Com o passar dos anos, o sistema de voto foi mudando. Novos cargos passaram a ser eletivos, novos eleitores foram inseridos, até que se chegou ao formato de hoje, com eleições diretas para todos os cargos e sufrágio universal, garantido na Constituição de 1988.
Ao longo da história da votação no Brasil, se acumularam casos de fraudes eleitorais que vão desde “urnas emprenhadas” (chegavam já com votos ao local de votação), “voto formiguinha” (cédulas preenchidas eram entregues para o eleitor apenas realizar o depósito na urna), “mapismo” (preenchimento de votos brancos a favor de um candidato) e a famosa “compra de votos” (na qual o candidato prometia um benefício ao eleitor, caso eleito).
As eleições eram coordenadas, cada uma, por um estado da federação. Era comum haver duplicidade de títulos eleitorais, com um eleitor apto a votar em mais de um estado. Foi apenas em 1984 que o Tribunal Superior Eleitoral – TSE iniciou o processo de organização do sistema de voto no Brasil.

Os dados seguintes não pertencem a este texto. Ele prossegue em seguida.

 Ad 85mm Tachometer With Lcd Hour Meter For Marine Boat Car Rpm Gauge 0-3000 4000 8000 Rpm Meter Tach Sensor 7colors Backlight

Foram criados os Tribunais Regionais Eleitorais, de cada estado, responsáveis pelo cadastro dos eleitores, porém em cadastro único, sob orientação do TSE.
A partir de 1989, os Tribunais foram equipados com computadores e interligados por internet própria, desenvolvida especialmente para a comunicação entre cartórios, TRE´s e TSE.

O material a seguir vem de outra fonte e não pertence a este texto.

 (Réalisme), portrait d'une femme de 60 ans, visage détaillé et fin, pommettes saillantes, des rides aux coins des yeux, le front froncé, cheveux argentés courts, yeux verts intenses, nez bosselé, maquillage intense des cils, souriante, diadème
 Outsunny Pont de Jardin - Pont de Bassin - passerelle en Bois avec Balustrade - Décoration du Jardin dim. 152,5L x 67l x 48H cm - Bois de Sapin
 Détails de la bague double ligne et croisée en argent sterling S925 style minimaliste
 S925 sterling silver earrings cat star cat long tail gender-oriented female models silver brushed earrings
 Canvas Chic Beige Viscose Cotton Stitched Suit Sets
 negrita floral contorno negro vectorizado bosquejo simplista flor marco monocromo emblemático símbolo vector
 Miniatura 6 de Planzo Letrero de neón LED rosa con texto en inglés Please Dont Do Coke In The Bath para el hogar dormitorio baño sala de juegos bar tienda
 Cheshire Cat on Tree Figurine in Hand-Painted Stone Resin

Cinco anos depois, o ministro Carlos da Silva Velloso, ao assumir a presidência do TSE, convocou uma Comissão de Notáveis para nortear os parâmetros para a criação de um “coletor eletrônico de votos”, conforme previa o Código Eleitoral de 1932, que nunca foi posto em prática, devido à falta de tecnologia na época.
A premissa básica para a criação do coletor de votos foi definida: ELIMINAR A FRAUDE NO PROCESSO ELEITORAL! A partir dessa premissa, as equipes que atuaram na concepção dessa que hoje chamamos de urna eletrônica brasileira, conseguiram incorporar uma série de outros benefícios:
– inclusão dos analfabetos, já que o voto passa a ser numérico e com verificação através da imagem do candidato;
– diminuição de votos brancos e nulos;
– agilidade na votação;
– agilidade na apuração e divulgação do resultado;
– fim da fraude no processo eleitoral.
A urna eletrônica foi desenvolvida para atender às necessidades do Brasil e de seu eleitorado. Entre suas características básicas, a robustez para aguentar viagens aos lugares mais longínquos e de difícil acesso, e bateria interna para funcionar até 14 horas, sem necessidade de energia elétrica.
Em 1996, um terço do eleitorado brasileiro votou, pela primeira vez, utilizando as urnas eletrônicas. Nas eleições de 2000, todo o país já experimentava o novo sistema.A urna eletrônica brasileira possui 25 anos de existência. No início, o eleitor possuía curiosidade sobre o equipamento. Com o passar dos anos, a urna se tornou alvo de fake news e desinformação, por parte de grupos que veem mais vantagens na votação realizada em cédula de papel.
Algumas das fake news de grande circulação no país são:
– “Apenas o Brasil utiliza urna eletrônica” – atualmente, eleições com equipamentos eletrônicos ocorrem em 46 países.
– “As urnas são fabricadas na Venezuela” – as urnas foram projetadas, desenvolvidas e fabricadas no Brasil.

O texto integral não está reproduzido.